Starting out as self-employed

  • Self-Portrait (overall view) by Kazuko Takahashi (Photography, 2003)

Self-employment tax is a big area and obviously we can’t cover everything here, but the important things to remember are: firstly, it’s easy to do by yourself and not nearly as complicated as some people make it sound, and secondly, if it really does feel complicated, don’t suffer – get an accountant. Many accountants specialise in helping self-employed people, so even if you’re making peanuts it’s usually worth spending a few hundred quid on hiring a nice, soothing accountant who will help you through the whole tax process.

What is self-employment?
Self-employment is working for yourself, and it covers anything that makes you money as an individual: selling artworks, freelance teaching or design work, and so on. Unlike employees, who get a certain amount of money skimmed off their paycheck every month for tax and National Insurance (NI) contributions, self-employed people have to deal with their own taxes and NI. This can sound scary but is actually pretty straightforward.

How do I get started?
You need to register as self-employed with HMRC (the UK tax department). You can do this online. HMRC will tell you how to make NI contributions and give you a Unique Taxpayer Reference (UTR), a 10-digit number that you’ll need to file your tax return.

What is National Insurance?
National Insurance (NI) payments are fairly small monthly or twice-yearly contributions that entitle you to state benefits, such as a pension. There are lots of different classes of NI – self-employed people currently pay Class 2 contributions, but you might also pay Class 4 if you’re making a lot of money, or Class 3 if you want to put extra money into your pension and so on. Read all about it on the HMRC website. Once you’ve figured out how much NI you have to pay, the easiest way to pay it is to set up a direct debit.

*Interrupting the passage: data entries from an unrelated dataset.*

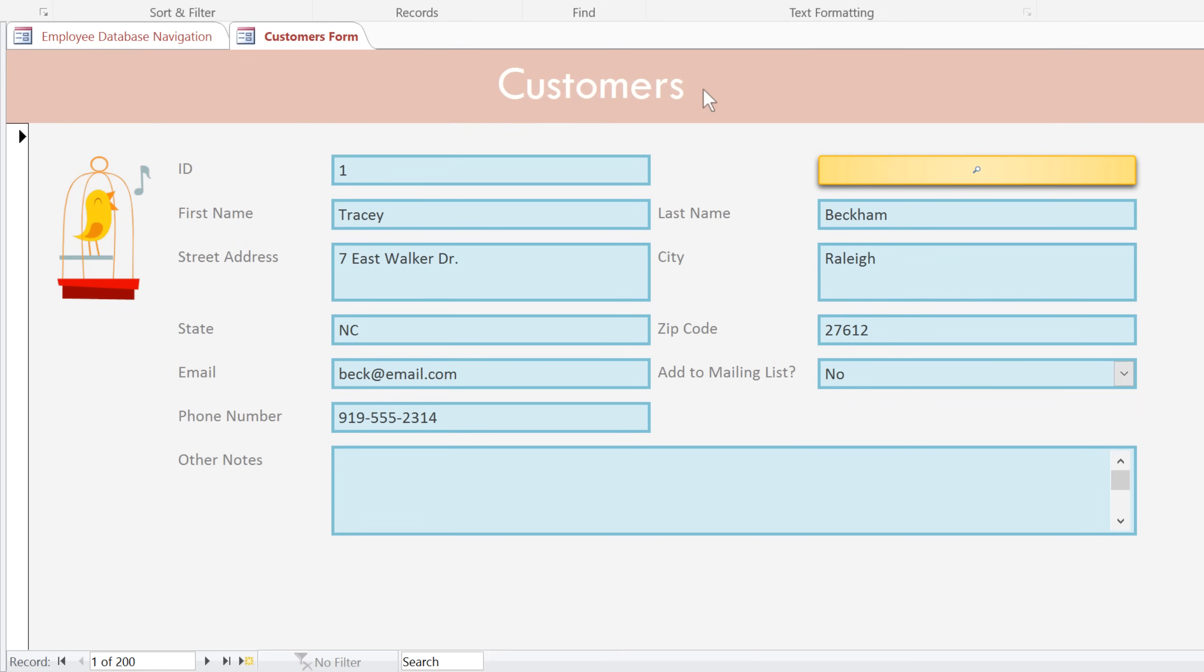Now, it may take some time to get the form exactly how you want it, but once you do, you'll have a professional-looking form that's easy for people to use.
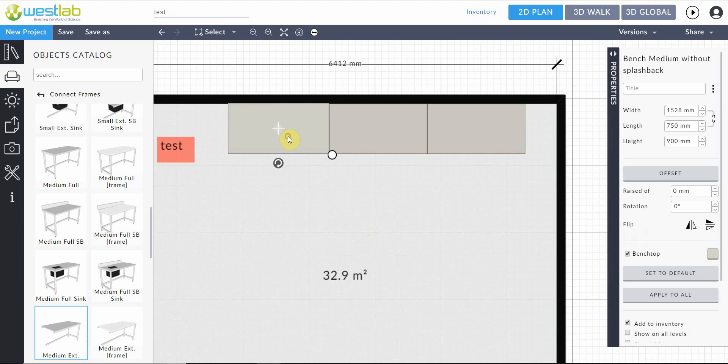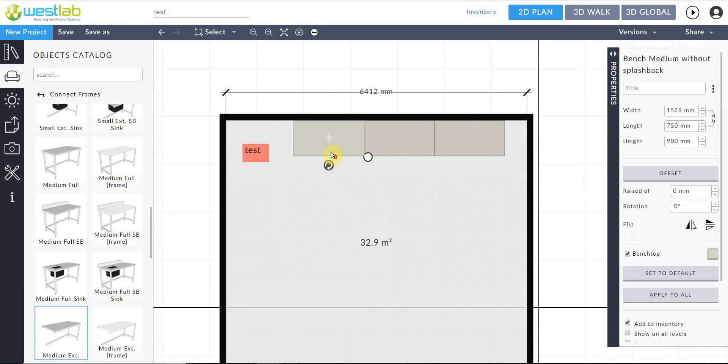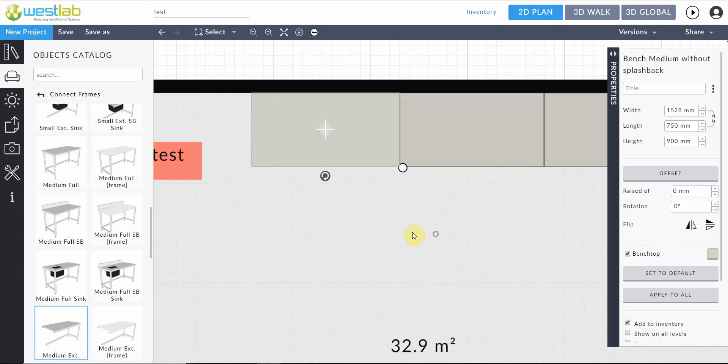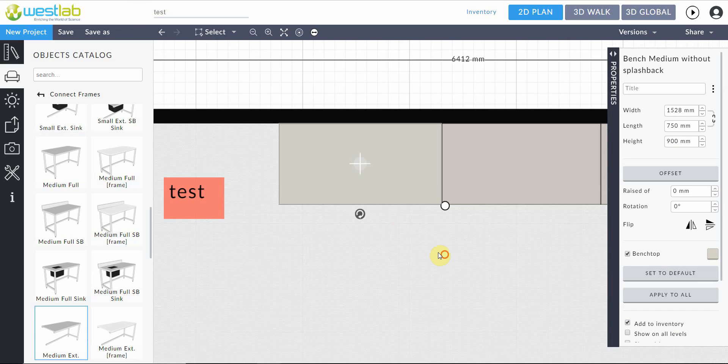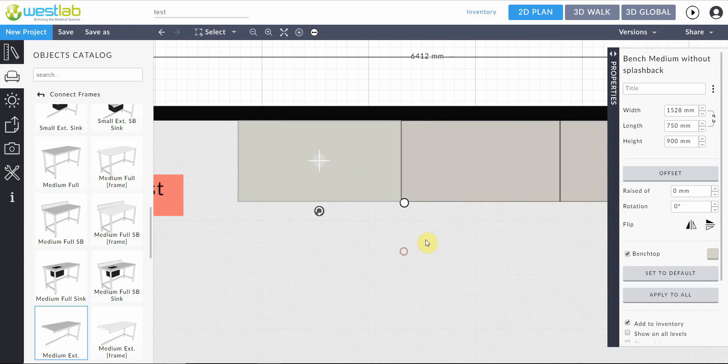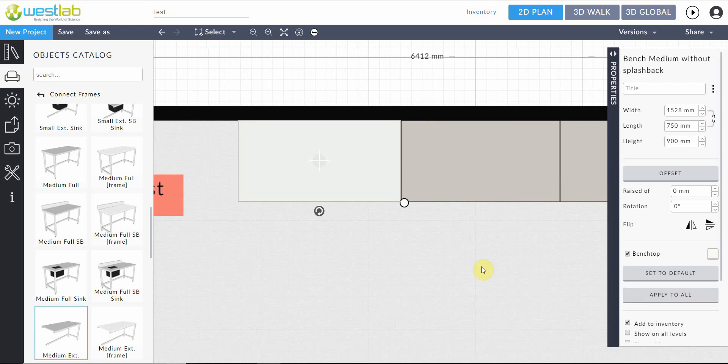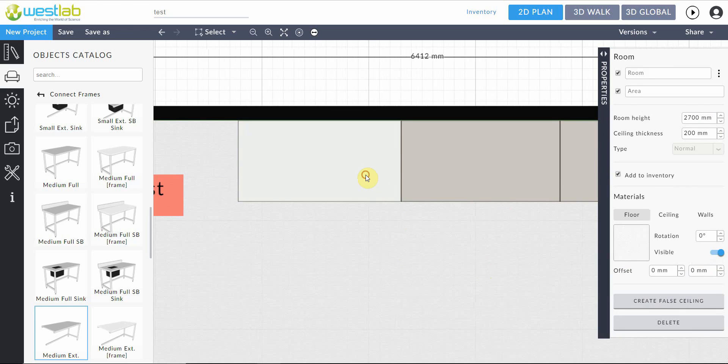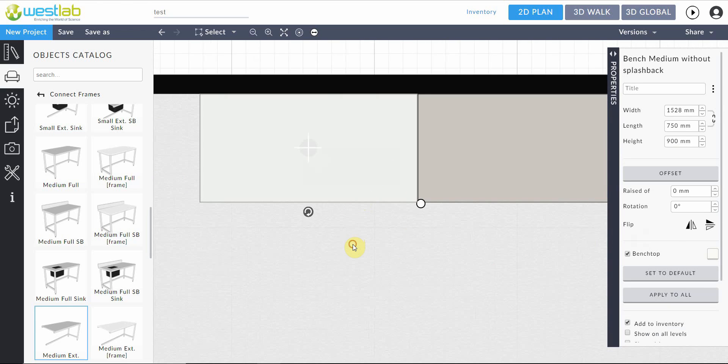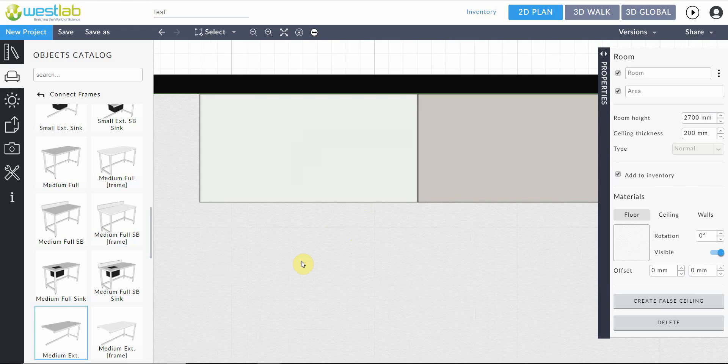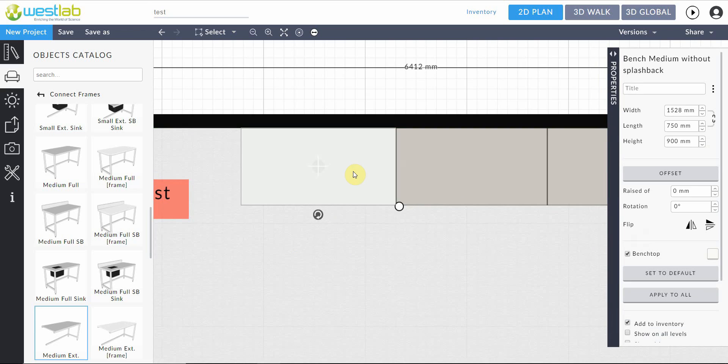So when we select something in our drawing space, this will bring up the properties of the tool that we've selected. So here we can change the color of the benchtop or the material. Here if you hover over one it will give you the material name. So we'll just change that to the white color for example. Other options. So this first bit is the dimensions.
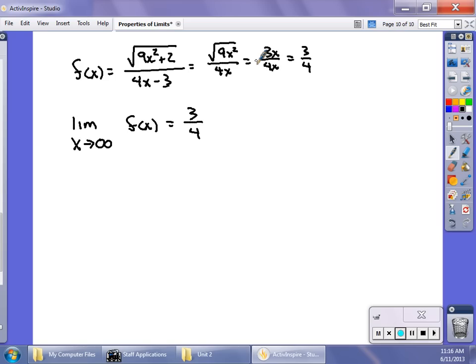So to wrap up: vertical asymptotes, horizontal asymptotes, and limits to infinity. Make sure you get the factoring cleaned up, and be careful with square root problems. Take care of the next couple of assignments, and we'll meet back in class to talk about it more. Best of luck.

What if I do lots of different kinds of work?
If you combine self-employment with other kinds of work (for example running a company or having a job where you’re taxed at source), you’ll still need to do a tax return and pay taxes on the money you make from working for yourself. For any advice about specific situations, such as working as an overseas student, contact HM Revenue and Customs (HMRC) directly or talk to a professional accountant.

How do I work out my tax?
It’s important to keep track of your expenses and hold onto receipts and so on, because you’ll be taxed only on your profits. Any money you spend on your business, for example buying new software or materials, can be deducted from your taxable profits. (If you’re not sure if something is a proper business expense or not, check the links below or with an accountant.)

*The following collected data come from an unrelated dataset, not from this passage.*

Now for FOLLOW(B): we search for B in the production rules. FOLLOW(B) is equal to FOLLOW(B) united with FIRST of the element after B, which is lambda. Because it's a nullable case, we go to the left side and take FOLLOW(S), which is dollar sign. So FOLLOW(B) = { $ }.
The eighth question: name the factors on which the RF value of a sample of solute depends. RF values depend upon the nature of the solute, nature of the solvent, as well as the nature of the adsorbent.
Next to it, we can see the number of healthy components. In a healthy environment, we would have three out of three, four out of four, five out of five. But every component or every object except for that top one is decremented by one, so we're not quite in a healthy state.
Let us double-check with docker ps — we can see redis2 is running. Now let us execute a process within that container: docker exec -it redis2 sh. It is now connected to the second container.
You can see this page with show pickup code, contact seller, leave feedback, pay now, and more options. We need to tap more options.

Say you worked on five or six projects in one year, and your income was £20,000 – but you spent a total of £5,000 on renting studio space, buying materials and so on. You would only calculate your tax on the remaining £15,000 of your profit.

You’re also only taxed above a certain amount of money. For the tax year 2011/12, you only have to pay taxes on profits above £7,475, but this changes from year to year, so as with everything, don’t take our word for it: check. 

HMRC’s online system automatically calculates how much you owe once you’ve put in all the information, or you can hire an accountant, or if you’re good with numbers you can do it yourself.

Time invested in getting a decent system set up for your taxes – small things like where you keep receipts and so on – will be repaid in less stress when you get around to filling out the tax return.

How do I file my tax return?
Tax returns can be filed either by post or online. If you’re doing your tax return online, make sure you register in time to avoid last-minute panic: it can take a few weeks to get your login details. Unless you’re deeply committed to filling out paper forms, the online tax return is a great option, because it’s really easy and saves trees (but mostly because it’s really easy).

When do I have to do this?
The tax year runs from 6 April to 5 April the following year. Paper tax returns are due on 31 October, and online tax returns and payment are due by 31 January. For example, in January 2012, self-employed people who choose to file online will be sending in tax returns for the tax year ending 5 April 2011. You get fined if your tax return is late. If you do it early: well done you! Your fellow self-employed friends may resent you for it, though.

Where can I get help?
HMRC will be happy to help with any reasonable questions: the important thing is to stay in touch with them, even if you’re having problems. Many people have commented on how surprisingly nice and reassuring they are on the phone – try calling them and see for yourself.

If you don’t want to deal with all of this on your own, it’s a good idea to get an accountant. There are plenty of accountants who specialise in dealing with self-employed people working in the arts, and often they can save you more money than they cost you.

I’ve got a really specific tax question – what should I do? 
As mentioned, for any detailed advice on specific situations – for example if you’re not sure of your employment status, or you’ve been working abroad, etc – it’s always best to contact the tax office or talk to a professional accountant.